### WHAT TO PRODUCE
Count how many lines below include the string "WHEEL". Only that number should appear in the reply.

ENTRIES SHOWN START

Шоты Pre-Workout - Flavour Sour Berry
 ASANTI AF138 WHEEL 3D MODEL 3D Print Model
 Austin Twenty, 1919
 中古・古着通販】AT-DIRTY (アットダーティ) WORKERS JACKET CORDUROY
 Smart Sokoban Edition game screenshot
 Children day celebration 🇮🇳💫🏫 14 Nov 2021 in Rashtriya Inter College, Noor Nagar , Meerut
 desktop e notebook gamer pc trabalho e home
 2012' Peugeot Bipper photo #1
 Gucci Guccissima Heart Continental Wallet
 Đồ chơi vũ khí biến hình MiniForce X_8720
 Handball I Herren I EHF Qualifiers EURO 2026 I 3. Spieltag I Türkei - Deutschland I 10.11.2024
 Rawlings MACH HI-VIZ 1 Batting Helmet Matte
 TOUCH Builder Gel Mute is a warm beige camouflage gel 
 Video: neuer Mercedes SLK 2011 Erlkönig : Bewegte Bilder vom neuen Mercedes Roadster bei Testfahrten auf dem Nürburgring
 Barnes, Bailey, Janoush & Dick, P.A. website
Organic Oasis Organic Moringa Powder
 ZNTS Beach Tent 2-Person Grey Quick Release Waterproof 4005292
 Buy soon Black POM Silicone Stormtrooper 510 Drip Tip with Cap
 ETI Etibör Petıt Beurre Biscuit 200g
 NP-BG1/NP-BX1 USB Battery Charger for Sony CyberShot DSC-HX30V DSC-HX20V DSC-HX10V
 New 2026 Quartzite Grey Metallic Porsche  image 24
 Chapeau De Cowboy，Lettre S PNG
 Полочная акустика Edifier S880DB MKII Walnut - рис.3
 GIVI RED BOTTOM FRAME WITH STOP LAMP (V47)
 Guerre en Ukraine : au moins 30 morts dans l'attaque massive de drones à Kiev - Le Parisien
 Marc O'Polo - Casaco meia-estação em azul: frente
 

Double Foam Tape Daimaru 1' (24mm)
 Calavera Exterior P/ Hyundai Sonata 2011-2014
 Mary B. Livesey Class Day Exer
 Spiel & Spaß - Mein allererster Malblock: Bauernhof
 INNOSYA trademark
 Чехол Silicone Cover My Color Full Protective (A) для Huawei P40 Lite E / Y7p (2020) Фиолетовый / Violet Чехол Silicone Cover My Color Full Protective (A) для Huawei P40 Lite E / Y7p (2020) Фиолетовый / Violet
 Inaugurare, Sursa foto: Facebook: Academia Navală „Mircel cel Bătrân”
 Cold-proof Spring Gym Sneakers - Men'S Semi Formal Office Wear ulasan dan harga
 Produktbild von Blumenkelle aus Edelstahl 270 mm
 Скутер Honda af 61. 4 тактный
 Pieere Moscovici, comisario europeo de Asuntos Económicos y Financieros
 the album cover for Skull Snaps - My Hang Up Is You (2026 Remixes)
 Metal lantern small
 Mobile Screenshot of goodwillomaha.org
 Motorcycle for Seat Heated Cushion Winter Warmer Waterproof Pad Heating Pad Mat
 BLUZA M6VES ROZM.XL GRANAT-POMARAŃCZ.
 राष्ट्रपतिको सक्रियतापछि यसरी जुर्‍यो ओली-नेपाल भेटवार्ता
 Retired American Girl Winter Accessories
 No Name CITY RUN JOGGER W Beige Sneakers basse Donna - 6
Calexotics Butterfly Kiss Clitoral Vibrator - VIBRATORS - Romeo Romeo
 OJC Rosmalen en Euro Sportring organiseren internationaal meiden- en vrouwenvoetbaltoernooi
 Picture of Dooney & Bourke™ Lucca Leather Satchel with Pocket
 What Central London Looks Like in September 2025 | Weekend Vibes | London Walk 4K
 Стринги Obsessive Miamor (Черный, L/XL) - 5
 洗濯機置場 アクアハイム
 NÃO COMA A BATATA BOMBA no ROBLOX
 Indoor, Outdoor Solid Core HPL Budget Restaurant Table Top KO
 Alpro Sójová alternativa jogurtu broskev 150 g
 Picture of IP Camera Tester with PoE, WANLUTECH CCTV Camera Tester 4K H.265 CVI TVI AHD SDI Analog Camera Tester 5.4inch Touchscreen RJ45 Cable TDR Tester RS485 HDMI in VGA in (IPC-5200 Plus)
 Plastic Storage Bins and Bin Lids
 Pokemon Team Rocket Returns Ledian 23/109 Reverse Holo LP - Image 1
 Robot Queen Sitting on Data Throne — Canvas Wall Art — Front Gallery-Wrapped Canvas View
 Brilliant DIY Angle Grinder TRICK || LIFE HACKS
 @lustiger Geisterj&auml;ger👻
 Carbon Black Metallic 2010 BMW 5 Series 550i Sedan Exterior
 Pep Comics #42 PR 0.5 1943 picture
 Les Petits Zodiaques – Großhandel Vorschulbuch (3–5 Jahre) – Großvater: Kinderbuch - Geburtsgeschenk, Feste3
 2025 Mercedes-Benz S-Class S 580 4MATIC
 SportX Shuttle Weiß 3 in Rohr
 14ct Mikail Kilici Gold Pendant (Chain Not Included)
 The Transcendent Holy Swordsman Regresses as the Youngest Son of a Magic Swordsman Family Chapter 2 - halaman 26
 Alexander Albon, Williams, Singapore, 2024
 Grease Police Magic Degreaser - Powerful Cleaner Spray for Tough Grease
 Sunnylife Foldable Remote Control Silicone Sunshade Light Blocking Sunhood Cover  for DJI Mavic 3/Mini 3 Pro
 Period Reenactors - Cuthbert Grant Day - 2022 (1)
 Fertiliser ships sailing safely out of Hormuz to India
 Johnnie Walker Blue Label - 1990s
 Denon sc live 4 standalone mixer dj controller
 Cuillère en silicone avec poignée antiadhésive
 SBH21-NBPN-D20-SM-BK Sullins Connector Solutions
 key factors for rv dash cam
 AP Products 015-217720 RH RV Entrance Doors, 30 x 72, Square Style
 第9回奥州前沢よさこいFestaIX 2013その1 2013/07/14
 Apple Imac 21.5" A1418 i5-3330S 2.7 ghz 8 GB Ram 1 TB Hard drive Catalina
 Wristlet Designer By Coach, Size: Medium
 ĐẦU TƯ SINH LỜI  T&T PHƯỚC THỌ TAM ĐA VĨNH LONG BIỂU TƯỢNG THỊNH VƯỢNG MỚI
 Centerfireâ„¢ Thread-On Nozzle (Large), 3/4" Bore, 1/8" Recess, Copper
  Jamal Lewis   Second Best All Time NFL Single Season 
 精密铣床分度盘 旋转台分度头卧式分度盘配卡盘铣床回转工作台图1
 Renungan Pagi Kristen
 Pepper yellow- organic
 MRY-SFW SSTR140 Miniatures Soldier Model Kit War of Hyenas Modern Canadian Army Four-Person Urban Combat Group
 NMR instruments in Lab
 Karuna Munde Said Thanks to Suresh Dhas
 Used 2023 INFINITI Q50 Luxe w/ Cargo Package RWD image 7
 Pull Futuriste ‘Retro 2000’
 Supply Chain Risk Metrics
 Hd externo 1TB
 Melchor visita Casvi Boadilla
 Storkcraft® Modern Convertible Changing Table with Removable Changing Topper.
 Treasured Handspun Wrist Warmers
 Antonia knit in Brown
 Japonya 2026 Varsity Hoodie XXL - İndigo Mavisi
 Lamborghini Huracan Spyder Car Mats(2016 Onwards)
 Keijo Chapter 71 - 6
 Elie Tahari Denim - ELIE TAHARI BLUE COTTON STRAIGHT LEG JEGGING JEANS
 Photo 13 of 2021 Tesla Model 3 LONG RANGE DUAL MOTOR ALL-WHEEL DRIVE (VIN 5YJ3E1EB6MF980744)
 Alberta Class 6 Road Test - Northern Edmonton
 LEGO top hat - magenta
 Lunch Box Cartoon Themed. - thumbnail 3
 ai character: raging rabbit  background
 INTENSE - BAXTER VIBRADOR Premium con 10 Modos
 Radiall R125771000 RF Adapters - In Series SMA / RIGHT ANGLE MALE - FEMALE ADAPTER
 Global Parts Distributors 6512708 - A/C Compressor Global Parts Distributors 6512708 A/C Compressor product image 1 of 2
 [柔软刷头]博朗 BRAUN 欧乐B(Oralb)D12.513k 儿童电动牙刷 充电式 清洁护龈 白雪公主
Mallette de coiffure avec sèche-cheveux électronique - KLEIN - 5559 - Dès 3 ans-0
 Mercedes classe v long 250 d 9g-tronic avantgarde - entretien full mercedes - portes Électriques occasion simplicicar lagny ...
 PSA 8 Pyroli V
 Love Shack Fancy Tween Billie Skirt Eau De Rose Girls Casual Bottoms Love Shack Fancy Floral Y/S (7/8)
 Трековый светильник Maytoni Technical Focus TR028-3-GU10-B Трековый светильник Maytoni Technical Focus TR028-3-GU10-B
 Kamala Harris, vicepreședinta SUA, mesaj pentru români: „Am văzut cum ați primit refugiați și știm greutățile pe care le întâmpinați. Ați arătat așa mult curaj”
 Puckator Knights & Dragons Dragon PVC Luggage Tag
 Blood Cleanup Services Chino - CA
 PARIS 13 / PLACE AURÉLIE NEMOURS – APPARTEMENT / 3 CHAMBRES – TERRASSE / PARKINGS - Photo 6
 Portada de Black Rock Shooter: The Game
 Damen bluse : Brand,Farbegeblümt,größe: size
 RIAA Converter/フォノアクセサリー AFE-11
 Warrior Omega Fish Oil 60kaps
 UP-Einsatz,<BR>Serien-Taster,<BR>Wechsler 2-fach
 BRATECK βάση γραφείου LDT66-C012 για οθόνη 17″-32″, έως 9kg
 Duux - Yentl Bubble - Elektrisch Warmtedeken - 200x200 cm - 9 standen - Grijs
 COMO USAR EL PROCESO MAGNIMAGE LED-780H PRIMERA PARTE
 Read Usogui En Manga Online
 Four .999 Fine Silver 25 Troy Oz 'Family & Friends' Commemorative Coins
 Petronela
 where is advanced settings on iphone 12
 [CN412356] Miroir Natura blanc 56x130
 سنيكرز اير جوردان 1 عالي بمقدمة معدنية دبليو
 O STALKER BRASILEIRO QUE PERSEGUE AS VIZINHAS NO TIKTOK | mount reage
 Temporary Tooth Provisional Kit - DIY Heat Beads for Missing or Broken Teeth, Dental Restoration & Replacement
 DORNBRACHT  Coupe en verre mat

ENTRIES SHOWN END

### ANSWER BOX
2